An Tagen wie diesen zweifele ich manchmal an allem. Wie ist das möglich? Wie ist es überhaupt wahrscheinlich an Tagen wie diesen zu überleben? Nicht einfach still und leise wie ein alter Röhrenschirm zu implodieren, seine Sporen im Weltall zu verteilen und aufzubrechen ins Nichts endloser Galaxien?
Aufgerieben im Strudel des Alltäglichen
Nichts ist wie es sein soll. An Tagen wie diesen weiß ich nicht wie ich diesen Alltag schaffen soll. Sonntag im FReibad haben diese Gliederschmerzen begonnen, Montag lag ich flach. Dienstag haben wir mal so getan als wäre nichts und alles erledigt, so gut es eben ging. Und dann kommt die Quittung, postwendend.
Die Quittung kommt mit unabwendbarer Gewissheit. Wie ein Bumerang wummert es in meinem Kopf. Es ist vier Uhr morgens. Eine Hustenattacke verätzt meine entzündete Halsschleimhaut. Es hört nicht auf. Ich gehe gurgeln. Dann legen die Vögel vor dem Fenster mit ihrem alltäglichen Wahnsinns- Song-Contest los. Sie lobpreisen die Dämmerstunde, den Sonnenaufgang, den neuen Tag.
Ich lobpreise gar nichts.

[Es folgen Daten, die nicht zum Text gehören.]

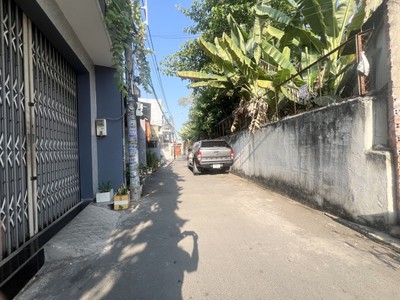 Bán nhà thủ đức hiệp bình chánh   2 tầng 60m    ô tô tới nhà   gần phạm văn đồng   giá 3.25 tỷ 2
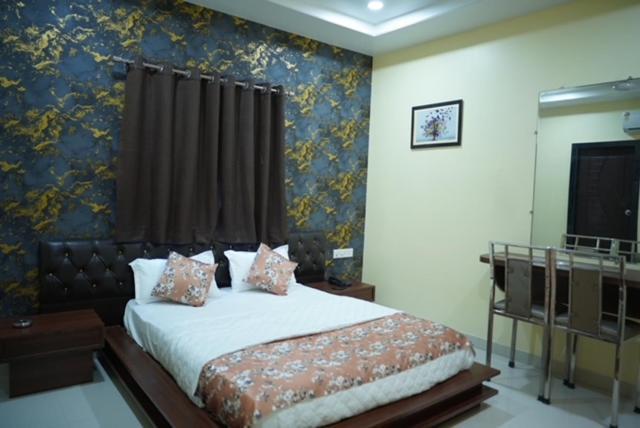 Hotel Heritage Bhilai Exteriör bild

Ich will, dass die Welt einfach mal die Schnauze hält. Fenster zu nützt nichts. In einer Großfamilie, in der alle in ihren Zimmern auf einer Etage schlafen hörst du Schnaufen, Röcheln, Schnarchen, Traumfetzen, verträumte Lacher.
An Tagen wie diesen kannst Du eben nicht mehr einschlafen. Um 5.30 stehe ich auf, räume ein bisschen auf, denn in den letzten Tagen ist allerhand liegen geblieben. Alltag mit krank eben, Mama krank. Der Mann kommt bald darauf, muss los.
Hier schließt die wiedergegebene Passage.